___ Data to use ___

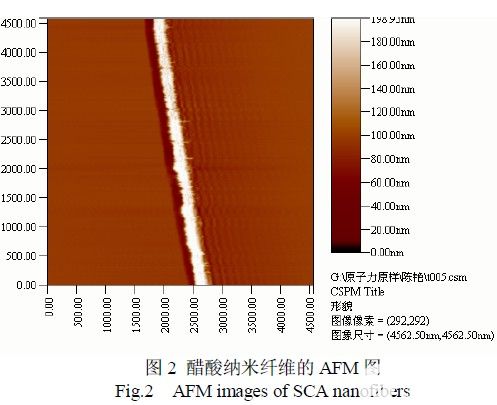 二醋酸SCA纳米纤维的制备与性能表征-电子发烧友网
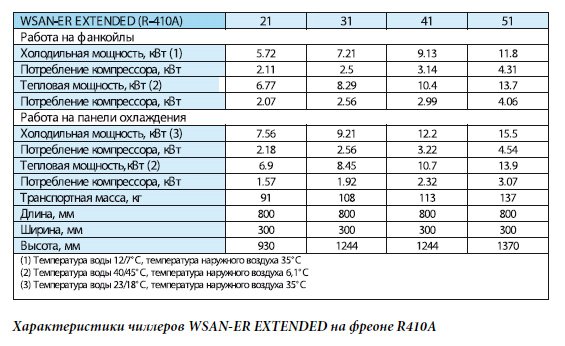Характеристики чиллеров WSAN-ER EXTENDED на фреоне R410A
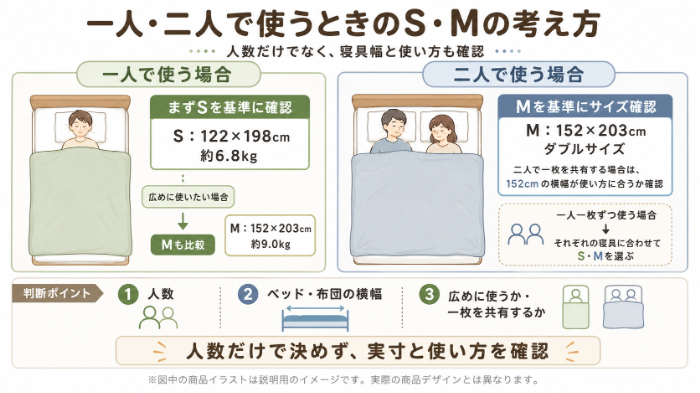 一人利用・二人利用で見るS・Mの考え方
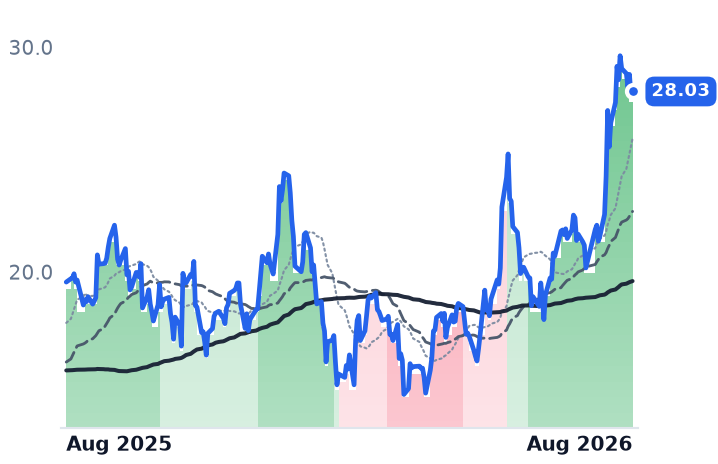 ZETA 12-month price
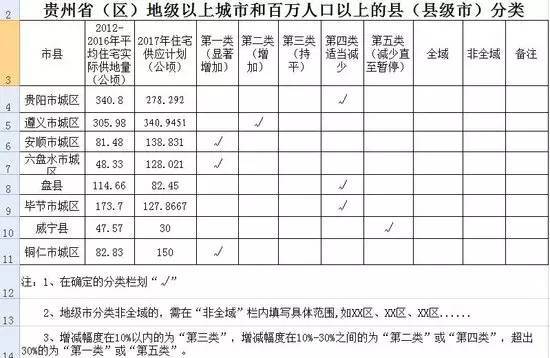 2021遵义市区人口_遵义市区(2)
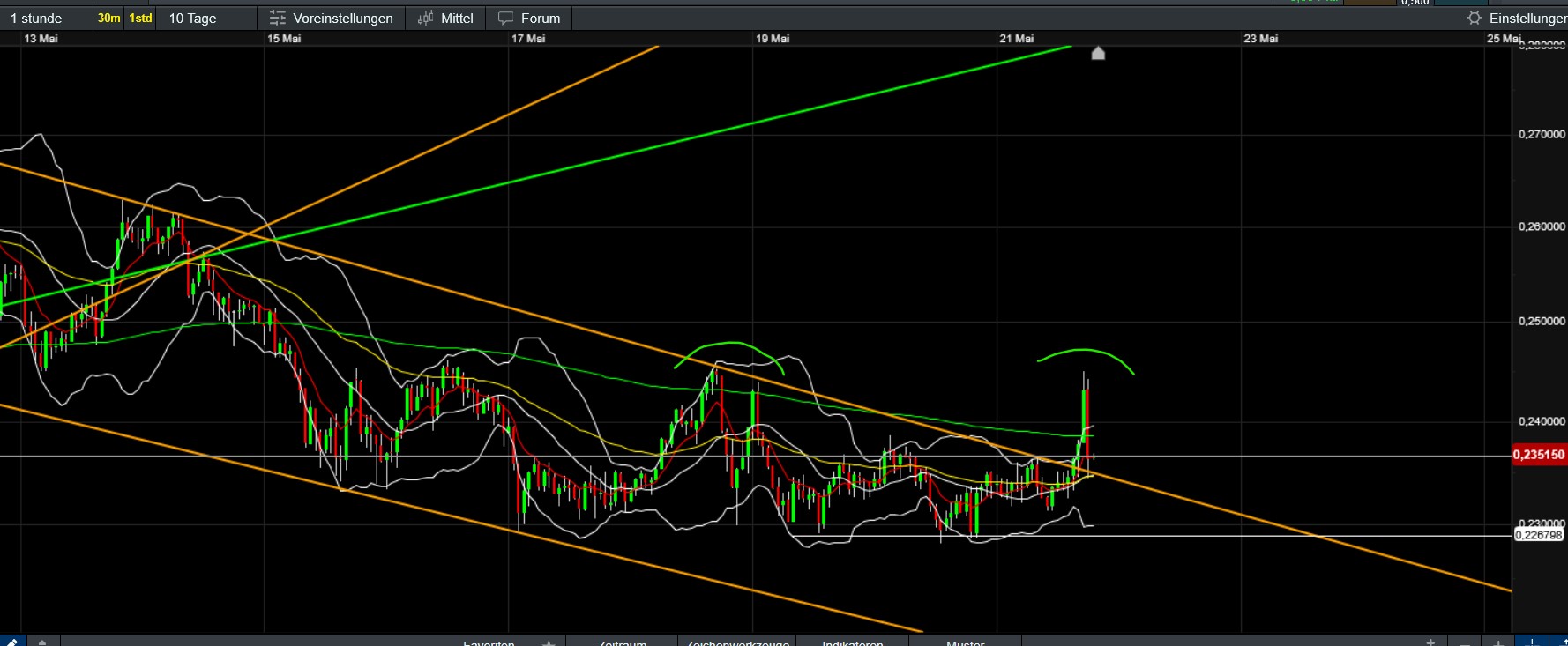 QuoVadisDax - das Original - Nachfolgethread 1482338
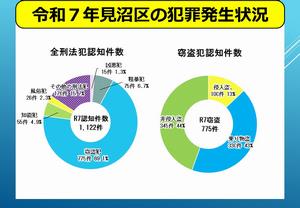 R7犯罪発生状況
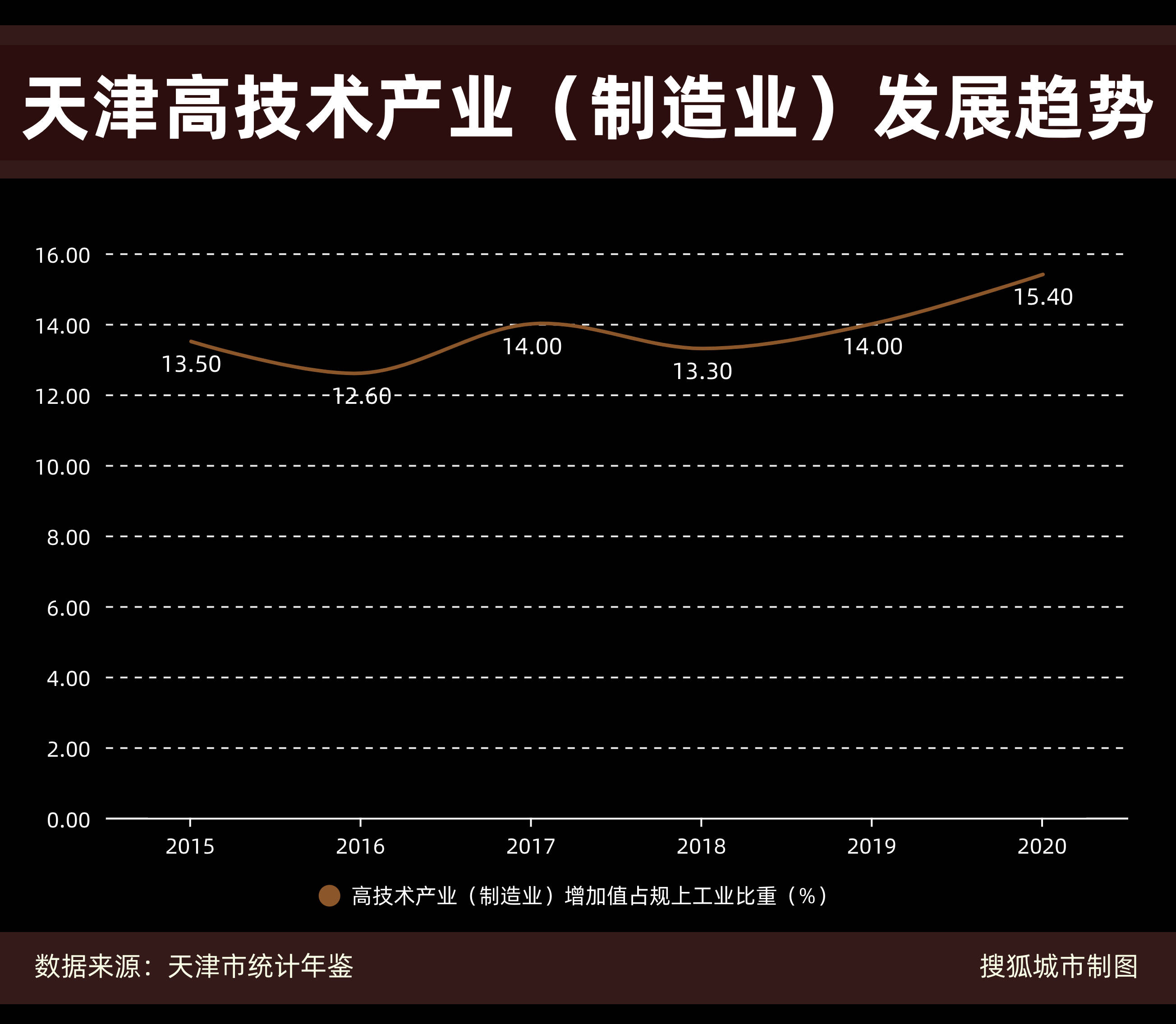 蓟县的GDP(2)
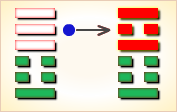 九五变卦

___

Output the span from the line with "QuoVadisDax - das" through the last line of the data, inclusive and exact, and omit every picture.

* _Output for this exercise_:
 QuoVadisDax - das Original - Nachfolgethread 1482338
 R7犯罪発生状況
 蓟县的GDP(2)
 九五变卦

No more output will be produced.